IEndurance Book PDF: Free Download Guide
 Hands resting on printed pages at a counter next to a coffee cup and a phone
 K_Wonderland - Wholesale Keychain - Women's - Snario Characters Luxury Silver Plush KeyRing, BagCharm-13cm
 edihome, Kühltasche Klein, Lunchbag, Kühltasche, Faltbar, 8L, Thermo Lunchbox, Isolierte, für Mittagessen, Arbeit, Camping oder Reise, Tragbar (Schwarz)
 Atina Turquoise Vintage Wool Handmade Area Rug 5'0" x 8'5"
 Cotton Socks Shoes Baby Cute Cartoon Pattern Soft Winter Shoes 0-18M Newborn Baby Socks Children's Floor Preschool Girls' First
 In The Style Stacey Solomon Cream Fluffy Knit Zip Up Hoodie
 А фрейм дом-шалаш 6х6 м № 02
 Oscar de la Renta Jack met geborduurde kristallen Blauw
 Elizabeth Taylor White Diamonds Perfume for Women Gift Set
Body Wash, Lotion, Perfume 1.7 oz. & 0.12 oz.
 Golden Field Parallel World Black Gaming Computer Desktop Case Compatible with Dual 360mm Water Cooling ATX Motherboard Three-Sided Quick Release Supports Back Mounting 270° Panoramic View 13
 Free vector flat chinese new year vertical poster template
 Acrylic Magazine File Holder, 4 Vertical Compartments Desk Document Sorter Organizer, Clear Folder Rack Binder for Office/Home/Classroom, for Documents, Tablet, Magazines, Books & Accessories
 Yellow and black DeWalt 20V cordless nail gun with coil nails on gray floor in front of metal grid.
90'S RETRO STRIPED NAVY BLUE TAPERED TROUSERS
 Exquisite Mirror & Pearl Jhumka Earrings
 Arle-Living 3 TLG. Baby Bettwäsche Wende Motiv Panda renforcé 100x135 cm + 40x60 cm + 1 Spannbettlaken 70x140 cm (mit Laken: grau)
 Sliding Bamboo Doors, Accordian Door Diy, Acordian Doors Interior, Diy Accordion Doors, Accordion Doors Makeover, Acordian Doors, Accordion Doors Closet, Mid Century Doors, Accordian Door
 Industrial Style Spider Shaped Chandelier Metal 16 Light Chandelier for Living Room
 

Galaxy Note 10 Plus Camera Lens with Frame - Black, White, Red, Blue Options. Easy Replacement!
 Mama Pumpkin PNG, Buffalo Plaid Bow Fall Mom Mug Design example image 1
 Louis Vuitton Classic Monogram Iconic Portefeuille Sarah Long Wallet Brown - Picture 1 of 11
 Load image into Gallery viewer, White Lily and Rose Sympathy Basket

* * * * * * * * *

Problem:
If a line in the material holds "Women", copy it.

Your solution:
 K_Wonderland - Wholesale Keychain - Women's - Snario Characters Luxury Silver Plush KeyRing, BagCharm-13cm
 Elizabeth Taylor White Diamonds Perfume for Women Gift Set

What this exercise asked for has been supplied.